Katilin kendi geçmişini gördüğü aynayı yok etmesi bir kişi ile açıklanacak bir durum değildir. Bilindiği gibi İngilizcedeki fren kelimesinin kökeni eski Yunancada phrên ve Kürtçede bhîr demektir. Bu kelimenin anlamı bilinçtir. Kürtçedeki pir kelimesi de aynı kökten gelmektedir. 

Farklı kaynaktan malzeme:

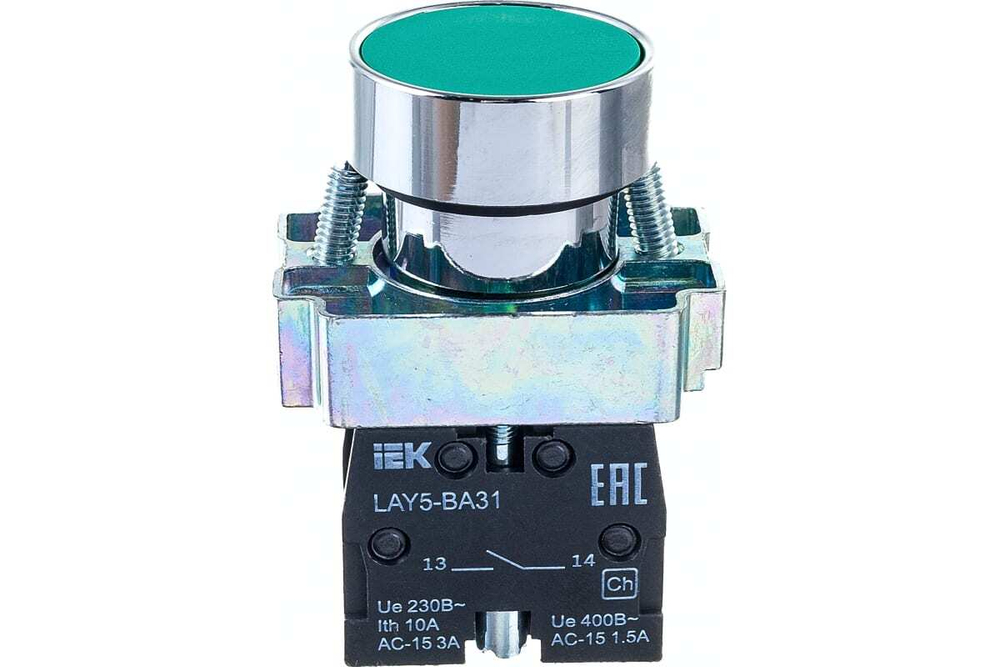 Кнопка управления LAY5-BA31 без подсветки зеленая 1з IEK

Pir kelimesinin ana tanrıça ile bağı gayet açıktır. Uygarlığı frenleyecek olgunun özgür kadın gerçeği olduğu belki de en fazla iktidar çevrelerince fark edilmiştir. Bu anlamda hedef alınan özgür kadın hareketinin değerli yoldaşları özgürlük bilincinin arketiplerini canlandırmıştır. Ülkeleri, bayrakları, savaşçıları vardır. Kurdistan ülkesi Ana tanrıça ülkesidir. Tarihin ilginç cilveleri yüzyılımızda tek tek gün ışığına çıkacaktır. Kürt destanındaki ünlü savaşçı Derwêş’in mızrağında Edûlê’nin saç örgüleri bağlıydı. Derwêş’in bayrağı Edûlê’nin saçıydı. Tarih günümüzde ve biz tarihin başında gizliyiz.